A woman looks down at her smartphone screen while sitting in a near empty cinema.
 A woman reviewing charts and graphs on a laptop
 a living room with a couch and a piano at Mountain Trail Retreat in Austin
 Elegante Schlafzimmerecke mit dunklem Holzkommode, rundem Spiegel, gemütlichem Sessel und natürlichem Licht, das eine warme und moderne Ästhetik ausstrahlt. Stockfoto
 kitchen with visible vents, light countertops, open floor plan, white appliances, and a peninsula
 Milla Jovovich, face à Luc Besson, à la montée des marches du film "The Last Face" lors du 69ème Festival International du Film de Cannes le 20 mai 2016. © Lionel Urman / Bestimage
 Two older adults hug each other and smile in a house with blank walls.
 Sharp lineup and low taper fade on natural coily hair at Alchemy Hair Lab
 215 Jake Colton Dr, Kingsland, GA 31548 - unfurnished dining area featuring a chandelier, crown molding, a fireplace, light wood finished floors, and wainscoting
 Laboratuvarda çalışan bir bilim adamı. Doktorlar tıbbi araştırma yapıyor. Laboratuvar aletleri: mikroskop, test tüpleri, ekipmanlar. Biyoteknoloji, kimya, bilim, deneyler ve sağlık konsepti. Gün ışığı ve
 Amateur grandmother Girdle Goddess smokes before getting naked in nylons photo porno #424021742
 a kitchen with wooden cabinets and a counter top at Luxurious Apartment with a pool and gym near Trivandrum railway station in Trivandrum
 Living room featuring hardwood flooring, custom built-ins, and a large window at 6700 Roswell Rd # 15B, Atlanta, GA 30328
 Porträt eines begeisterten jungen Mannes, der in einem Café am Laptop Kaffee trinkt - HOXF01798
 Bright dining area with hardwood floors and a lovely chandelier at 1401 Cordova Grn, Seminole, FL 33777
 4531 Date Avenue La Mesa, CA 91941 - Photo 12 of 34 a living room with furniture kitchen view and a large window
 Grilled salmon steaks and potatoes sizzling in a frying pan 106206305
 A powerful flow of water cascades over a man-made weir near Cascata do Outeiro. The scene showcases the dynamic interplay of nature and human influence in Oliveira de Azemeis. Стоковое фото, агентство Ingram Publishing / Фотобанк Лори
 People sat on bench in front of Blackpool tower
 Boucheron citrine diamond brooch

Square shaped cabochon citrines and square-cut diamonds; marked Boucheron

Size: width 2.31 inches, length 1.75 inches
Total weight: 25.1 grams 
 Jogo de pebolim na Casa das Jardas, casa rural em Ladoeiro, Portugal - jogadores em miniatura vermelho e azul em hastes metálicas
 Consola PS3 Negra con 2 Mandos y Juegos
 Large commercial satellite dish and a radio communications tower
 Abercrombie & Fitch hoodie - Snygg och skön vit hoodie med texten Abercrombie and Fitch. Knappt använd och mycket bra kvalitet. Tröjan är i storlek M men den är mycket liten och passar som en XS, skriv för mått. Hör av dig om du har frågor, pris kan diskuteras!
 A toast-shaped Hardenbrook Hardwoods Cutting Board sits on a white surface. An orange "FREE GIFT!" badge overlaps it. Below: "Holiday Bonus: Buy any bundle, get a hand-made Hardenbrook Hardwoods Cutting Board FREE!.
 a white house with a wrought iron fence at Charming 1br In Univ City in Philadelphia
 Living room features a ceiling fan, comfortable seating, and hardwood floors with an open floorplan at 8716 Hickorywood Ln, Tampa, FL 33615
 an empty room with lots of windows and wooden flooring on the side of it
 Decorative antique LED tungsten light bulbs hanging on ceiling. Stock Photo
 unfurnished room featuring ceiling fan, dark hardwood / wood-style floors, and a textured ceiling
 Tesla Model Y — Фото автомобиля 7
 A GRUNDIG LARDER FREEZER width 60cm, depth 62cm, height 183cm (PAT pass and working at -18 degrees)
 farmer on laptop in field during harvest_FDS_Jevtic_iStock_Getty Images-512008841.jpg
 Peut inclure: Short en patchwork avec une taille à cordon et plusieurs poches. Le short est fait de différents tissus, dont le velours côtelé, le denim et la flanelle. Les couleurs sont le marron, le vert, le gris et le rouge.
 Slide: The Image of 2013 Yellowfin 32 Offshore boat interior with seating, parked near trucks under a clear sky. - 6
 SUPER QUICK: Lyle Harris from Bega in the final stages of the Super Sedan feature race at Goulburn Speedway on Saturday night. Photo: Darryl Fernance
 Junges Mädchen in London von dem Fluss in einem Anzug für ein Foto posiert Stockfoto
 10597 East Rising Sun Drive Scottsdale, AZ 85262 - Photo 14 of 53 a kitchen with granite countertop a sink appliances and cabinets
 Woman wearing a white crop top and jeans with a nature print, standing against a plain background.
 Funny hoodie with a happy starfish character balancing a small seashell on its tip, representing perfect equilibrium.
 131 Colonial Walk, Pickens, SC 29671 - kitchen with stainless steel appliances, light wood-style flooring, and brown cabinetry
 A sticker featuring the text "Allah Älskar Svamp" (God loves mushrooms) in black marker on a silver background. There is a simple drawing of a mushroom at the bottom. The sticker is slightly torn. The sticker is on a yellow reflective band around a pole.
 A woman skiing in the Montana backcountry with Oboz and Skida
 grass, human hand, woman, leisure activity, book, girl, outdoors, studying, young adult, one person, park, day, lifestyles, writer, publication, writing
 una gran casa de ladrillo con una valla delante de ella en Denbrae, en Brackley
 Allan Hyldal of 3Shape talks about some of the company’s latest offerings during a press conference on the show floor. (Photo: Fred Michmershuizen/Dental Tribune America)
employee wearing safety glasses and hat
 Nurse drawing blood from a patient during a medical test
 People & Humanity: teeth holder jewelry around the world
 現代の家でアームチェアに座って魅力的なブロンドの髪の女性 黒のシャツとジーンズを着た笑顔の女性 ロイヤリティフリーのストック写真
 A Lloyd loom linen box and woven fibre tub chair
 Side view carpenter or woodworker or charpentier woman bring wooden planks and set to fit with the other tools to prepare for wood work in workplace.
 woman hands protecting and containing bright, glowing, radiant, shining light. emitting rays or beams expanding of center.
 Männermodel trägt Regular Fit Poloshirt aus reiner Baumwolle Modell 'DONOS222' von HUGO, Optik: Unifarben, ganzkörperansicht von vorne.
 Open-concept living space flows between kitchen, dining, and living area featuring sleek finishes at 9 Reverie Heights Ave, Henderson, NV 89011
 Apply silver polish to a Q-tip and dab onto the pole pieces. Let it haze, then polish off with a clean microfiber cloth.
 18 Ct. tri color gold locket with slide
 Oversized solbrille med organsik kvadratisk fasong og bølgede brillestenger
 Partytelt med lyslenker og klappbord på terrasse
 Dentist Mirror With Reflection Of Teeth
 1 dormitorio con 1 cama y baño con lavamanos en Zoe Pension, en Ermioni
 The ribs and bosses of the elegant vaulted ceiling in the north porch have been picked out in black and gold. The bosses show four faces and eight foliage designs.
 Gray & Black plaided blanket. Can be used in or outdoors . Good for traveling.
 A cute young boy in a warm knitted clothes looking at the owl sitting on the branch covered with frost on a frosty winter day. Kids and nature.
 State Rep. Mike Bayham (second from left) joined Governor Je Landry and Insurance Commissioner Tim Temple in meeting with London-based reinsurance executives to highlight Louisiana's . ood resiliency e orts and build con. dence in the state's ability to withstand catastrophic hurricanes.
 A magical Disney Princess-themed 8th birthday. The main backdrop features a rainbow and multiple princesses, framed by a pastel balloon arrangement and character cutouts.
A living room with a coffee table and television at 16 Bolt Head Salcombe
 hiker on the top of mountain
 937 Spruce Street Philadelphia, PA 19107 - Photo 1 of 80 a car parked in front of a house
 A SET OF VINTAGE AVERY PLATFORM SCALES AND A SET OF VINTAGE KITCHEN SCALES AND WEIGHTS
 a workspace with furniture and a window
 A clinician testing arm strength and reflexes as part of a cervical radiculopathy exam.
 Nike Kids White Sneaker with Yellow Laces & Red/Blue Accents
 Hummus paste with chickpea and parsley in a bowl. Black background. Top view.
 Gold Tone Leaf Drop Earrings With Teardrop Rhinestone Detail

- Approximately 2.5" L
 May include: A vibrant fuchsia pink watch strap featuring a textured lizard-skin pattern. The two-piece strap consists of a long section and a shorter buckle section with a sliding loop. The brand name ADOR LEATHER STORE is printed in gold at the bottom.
⁂
WHAT IS NEEDED — For the string "drawing", return every line of the data where it appears.

WRITTEN SOLUTION —
 A sticker featuring the text "Allah Älskar Svamp" (God loves mushrooms) in black marker on a silver background. There is a simple drawing of a mushroom at the bottom. The sticker is slightly torn. The sticker is on a yellow reflective band around a pole.
 Nurse drawing blood from a patient during a medical test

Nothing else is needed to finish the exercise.